--- What you should do ---
Could you copy every record below exactly, leaving out the pictures?

--- Exercise material ---
- Opening Delimiter -

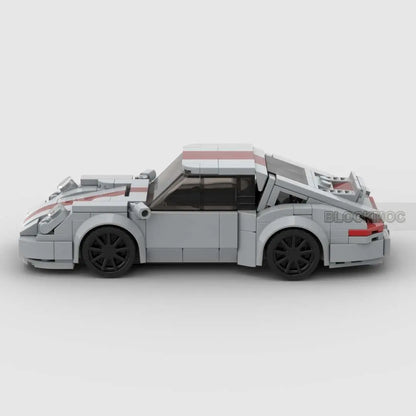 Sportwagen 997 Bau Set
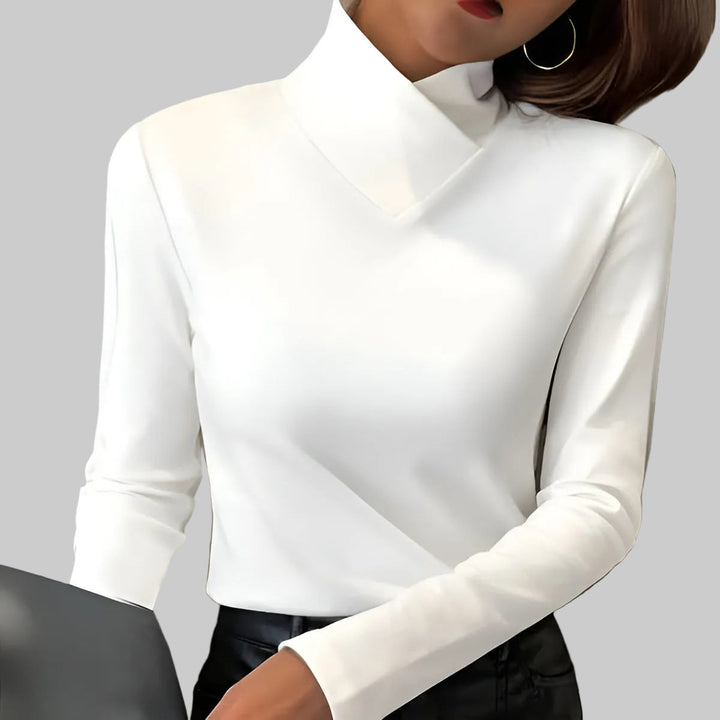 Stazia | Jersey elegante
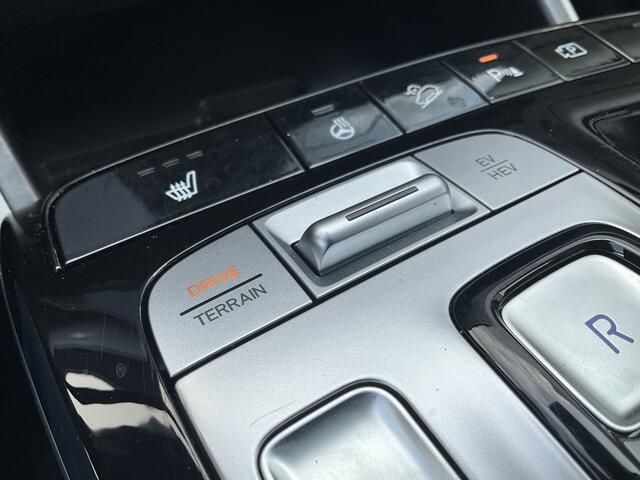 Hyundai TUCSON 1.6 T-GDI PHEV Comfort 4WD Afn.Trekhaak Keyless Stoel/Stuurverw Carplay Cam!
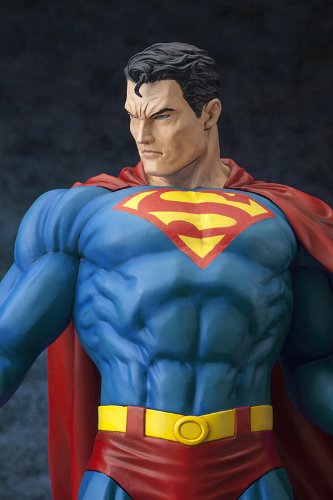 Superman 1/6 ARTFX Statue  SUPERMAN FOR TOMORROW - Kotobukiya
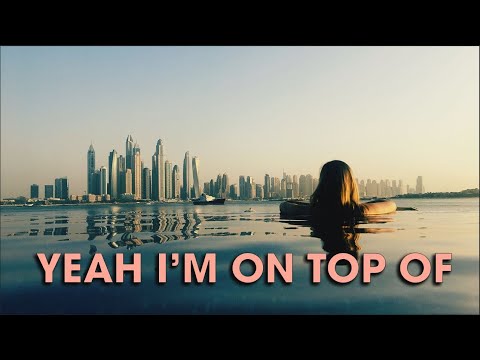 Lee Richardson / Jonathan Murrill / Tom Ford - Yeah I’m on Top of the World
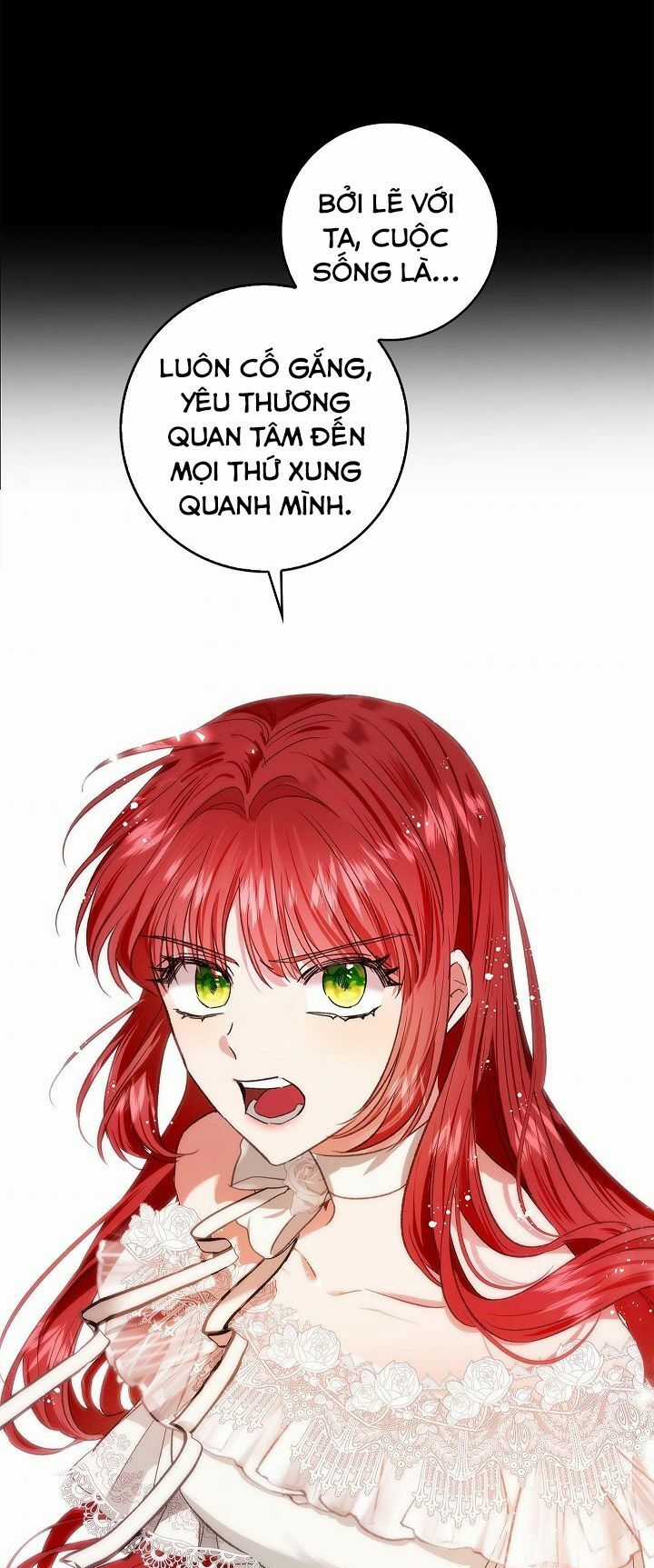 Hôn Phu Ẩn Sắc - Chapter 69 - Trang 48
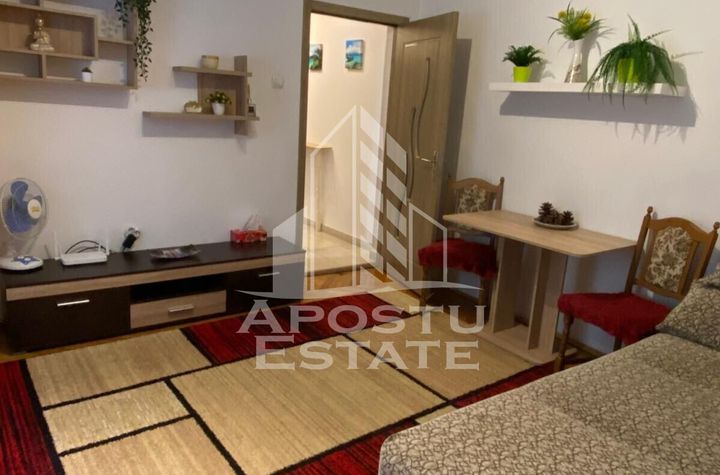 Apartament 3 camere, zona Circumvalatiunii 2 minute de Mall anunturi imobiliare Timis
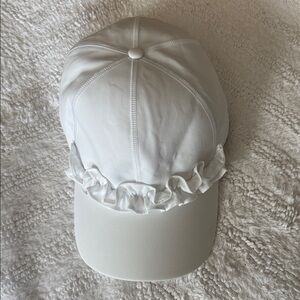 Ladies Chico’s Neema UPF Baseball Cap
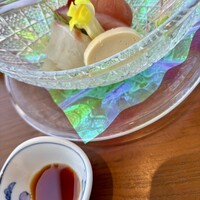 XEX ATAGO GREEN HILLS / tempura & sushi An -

- Closing Delimiter -

--- Reply to the task ---
 Sportwagen 997 Bau Set
 Stazia | Jersey elegante
 Hyundai TUCSON 1.6 T-GDI PHEV Comfort 4WD Afn.Trekhaak Keyless Stoel/Stuurverw Carplay Cam!
 Superman 1/6 ARTFX Statue  SUPERMAN FOR TOMORROW - Kotobukiya
 Lee Richardson / Jonathan Murrill / Tom Ford - Yeah I’m on Top of the World
 Hôn Phu Ẩn Sắc - Chapter 69 - Trang 48
 Apartament 3 camere, zona Circumvalatiunii 2 minute de Mall anunturi imobiliare Timis
 Ladies Chico’s Neema UPF Baseball Cap
 XEX ATAGO GREEN HILLS / tempura & sushi An -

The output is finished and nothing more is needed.